Everyone, that was, except for this funny Dutch cycling guy. He came last in everything, and he didn’t look at all like the others. Because he was really skinny, his Superstars vest hung off him, and, because he had no hair, he looked really old. Because he had no muscles, he looked really weak, and, because he was foreign, he wasn’t even bothered that he was useless. We assumed an authentic superstar must have dropped out at the last minute, and he was all they could find at short notice.   

There was, as you can imagine, a certain clubiness about the superstars. By definition they’d something–high-end competitive sport–in common, and they all looked, moved, and talked like top-end athletes. They’d a lot of talent and a lot of testosterone, and of course they were enjoined by the Superstars experience. The producers were at pains to articulate the collegiate nature of the programme, and of organized sport in general. Because the luddite English had never been subject to anything even remotely resembling ideology, they’d never learned to take sports seriously. They took sports hooliganism quite seriously, but that was another matter entirely. 

Their diet was poor, their playing fields were being sold off, and so one way or another they (we) were increasing sedentary and increasingly podgy. The idea, therefore, was to encourage them (us) to participate in sports through a government initiative named “Sport For All”. It was borrowed loosely from the more enlightened Eastern European countries and, because the BBC was a public service broadcaster, the more articulate superstars were enlisted to promote it. 

Those doing the promoting didn’t include the funny Dutch guy with the funny Dutch head, the funny Dutch body, and the funny Dutch name because he never spoke on camera.
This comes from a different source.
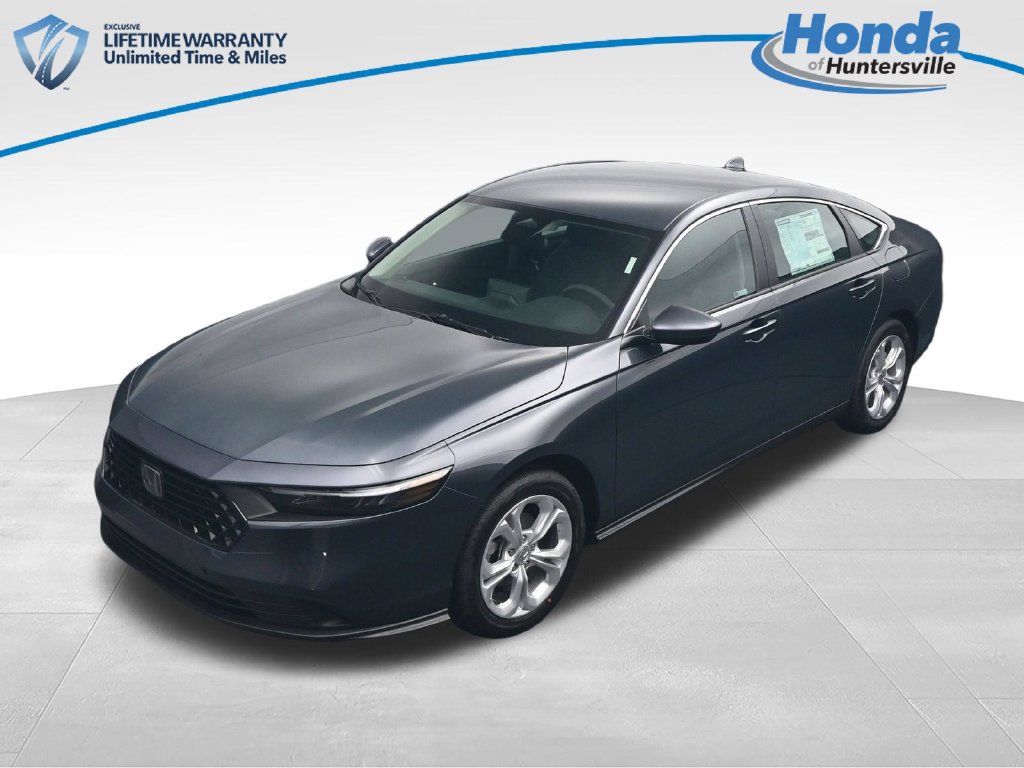 New 2026 Honda Accord LX image 46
He didn’t say anything and, beyond smiling a lot and looking a bit gormless, couldn’t do anything. He couldn’t kick a ball or shoot a pistol, and he sure as hell couldn’t paddle a canoe. He couldn’t beat his way out of a wet paper bag because he was the opposite of a superstar. He was supershit.   

Photo: Cor Vos

I told my dad I could probably beat the Dutch guy on my 10-speed Falcon, but for some reason he said he thought that highly unlikely. I said, “Yes but he’s rubbish at everything!” but my dad said, “Cycling’s not like other sports”. He’d raced, my dad, so I invited him, as politely as I knew how, to explain. He couldn’t, and so that was just another example of my being 14 and his knowing absolutely nothing about absolutely anything…

My dad had always wanted to ride the Alpe, and in 2014 he was over at mine while the Tour was on. We decided to do it the morning of the stage, so we got up bright and early and set off. We rolled along the bottom, and tried to stay together as best we could when we hit the climb proper. When we passed turn 16, I saw the sign, and I saw my dad looking at it as well. The sign said 



and I was going to ask if he remem…

The problem was there were people all over the road now, and I couldn’t shout to him and couldn’t reach him. We lost sight of each other, just as we’d known we would, but that was fine. When he rang me, I told him I’d had to climb off at Dutch Corner, because it was absolute pandemonium. He said he’d had to climb off as well, and that he’d had no idea there would be quite so many of them. He told me to stay put, and that he’d come and find me.

He came and found me, and he had a fantastic afternoon at the Tour. There were people from France there, and Denmark and Portugal and of course Holland. While we were waiting for Moser and Riblon to come up ,I asked him if he remembered Superstars, but he said he didn’t and carried on chatting to a couple from Utrecht. He was never much for sitting in front of the TV, my dad. 

It was the last proper ride we did together and, for now at least, the best ride we ever did together.